The artwork in Sin City is wonderful. Miller draws each scene in stark, moody black-and-white; the overall effect works so well that I can hardly imagine this story being told in color. Miller's depiction of shadows is particularly impressive, and he occasionally just seems to show off how much he can do with only two colors: take a look at the chapter where Marv is thinking in the rain. (It says "rain doesn't come to Sin City real often," probably because the effort it takes to draw such scenes in black and white would prove exhausting.)
The writing is some of the best that Miller has done. All the text has a spare, clipped, hard-boiled quality to it that never seems artificial and never lets up. And there are some really choice lines in this book: for instance, "The killing, no. No satisfaction. But everything up until the killing will be a gas." And, of course, the infamous, "Now that is one fine coat you're wearing there."

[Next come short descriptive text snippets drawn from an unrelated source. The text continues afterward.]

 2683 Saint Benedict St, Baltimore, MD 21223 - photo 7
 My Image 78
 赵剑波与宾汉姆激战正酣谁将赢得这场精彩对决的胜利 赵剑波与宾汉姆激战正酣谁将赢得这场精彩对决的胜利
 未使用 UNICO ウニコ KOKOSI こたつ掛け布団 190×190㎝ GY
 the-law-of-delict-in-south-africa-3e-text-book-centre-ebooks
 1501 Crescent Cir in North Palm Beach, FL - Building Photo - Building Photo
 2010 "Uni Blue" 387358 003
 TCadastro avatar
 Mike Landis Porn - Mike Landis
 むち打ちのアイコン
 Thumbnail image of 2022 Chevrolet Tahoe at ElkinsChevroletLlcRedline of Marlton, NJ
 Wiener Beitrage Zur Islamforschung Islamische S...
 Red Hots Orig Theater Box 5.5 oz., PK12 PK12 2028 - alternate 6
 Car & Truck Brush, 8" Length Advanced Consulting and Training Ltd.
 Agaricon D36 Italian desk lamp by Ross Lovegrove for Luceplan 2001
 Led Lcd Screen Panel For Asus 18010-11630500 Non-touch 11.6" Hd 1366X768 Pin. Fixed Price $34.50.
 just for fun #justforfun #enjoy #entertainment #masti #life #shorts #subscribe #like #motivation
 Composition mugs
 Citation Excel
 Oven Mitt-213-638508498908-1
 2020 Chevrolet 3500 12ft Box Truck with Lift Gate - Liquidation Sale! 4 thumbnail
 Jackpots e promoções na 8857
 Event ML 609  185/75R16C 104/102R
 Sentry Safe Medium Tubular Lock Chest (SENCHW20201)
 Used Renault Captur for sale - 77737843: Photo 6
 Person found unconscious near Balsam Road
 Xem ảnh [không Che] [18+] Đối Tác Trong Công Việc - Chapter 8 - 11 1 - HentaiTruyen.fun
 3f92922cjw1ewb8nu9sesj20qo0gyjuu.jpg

Miller also does a great job with the characters. I had been afraid that, given the book's premise, the characters would be as black-and-white as the artwork. But Miller delivers again here. Marv, the protagonist, is a great creation. Sure, he's a "macho pig," as he calls himself, and he's also violent, merciless, and more than a little crazy (speaking about a psychiatrist, he says, "She tried to analyze me once but got too scared"). But underlying it all is a strong sense of loyalty, a great deal of passion, and a devotion to do what's right. I wouldn't say he's a good person--the scene with the hitmen creeped me out, even though by that point he'd already won me over--but despite the corruption and evil in Sin City it's clear that Marv has a strong moral backbone that sustains him through all the punishment he takes.
As well as Miller portrayed Marv, I'd say that an even better character was Kevin, the villain of this tale. He never says a word--but he's creepy as hell: the half-smile, the swift movements, the somewhat stooped shoulders. You know how they say it's always the quiet ones? Well, they don't know what they're talking about until they've seen Kevin. (As a sidenote: it's a relief to see people writing effective but believable villains in a genre that has steadily moved toward crazier and wackier villains than ever before.)
Finally, I just want to say that for a first book in a series, Sin City does an excellent job setting up Miller's creation. The feel of the city--the endemic corruption, the lack of reliable organized structures, the good and evil flowing side by side through the streets--every panel does an excellent job of letting us know just where we are. This book is a completely self-contained tale: but suffice to say that after I read it, I wanted to see what else Miller was capable of in the little town called Sin City.